When you find yourself insisting on proving that you’re right, it’s time to look at your underlying intent. We often assume that being right will lead to being respected, liked, appreciated, or admired. However, generally the harder a person tries to prove being right, the harder it is for that person to gain respect or appreciation.
Here are a few reasons that could be causing this ironic disconnect:
1. Adamant persistence reveals underlying feelings of inadequacy, which does not inspire respect or admiration.
2. In trying to be right, we disregard other people’s ideas, causing them to feel overlooked.
3. Most importantly, being right generally comes with a condescending tone of voice that turns people off whether the person is right or not.
A superior tone of voice can trigger a defensive reaction in others, even when what’s being said is totally logical and nonthreatening. If you’ve ever found yourself arguing over something ridiculous, you may be reacting to a patronizing tone of voice rather than flawed logic.

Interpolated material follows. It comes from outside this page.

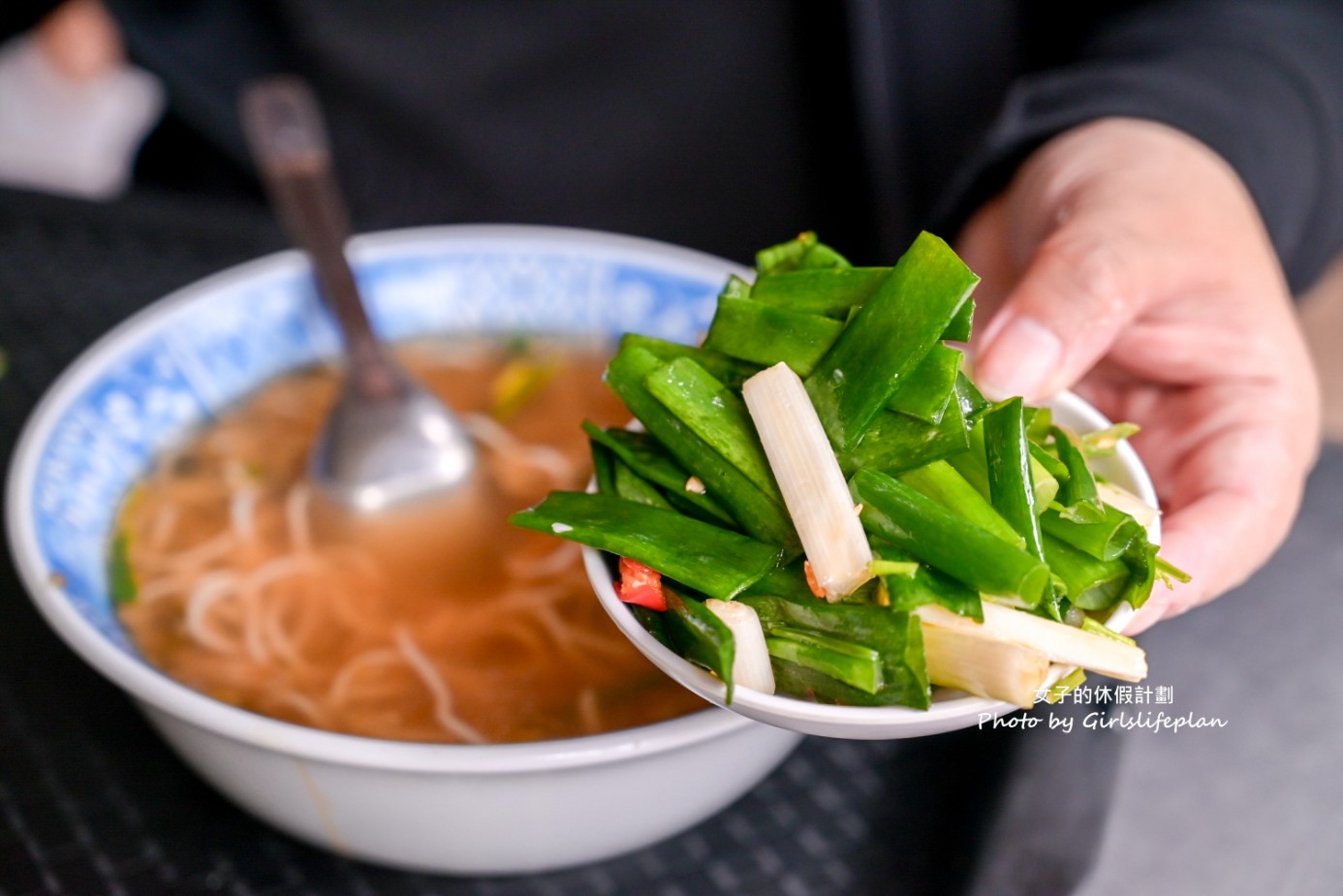 上海未名酸梅湯麵點｜連續4連霸米其林推薦，沒想到免費的最好吃(菜單) @女子的休假計劃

One way to encourage others to consider your opinion is to use a friendly or neutral tone of voice. You’ll feel more relaxed and others will feel more open-minded and amenable. You can say, “Your idea won’t work” with a kind tone of voice, and have a better response than if you say, “Your idea is the best idea in the world,” with a superior sounding voice.
If pretending is what it takes to change your attitude and use a respectful tone of voice, it’s probably worth it. Remember that discussions that aren’t focused on one person being right are usually more stimulating and productive, and lead to healthier and happier relationships.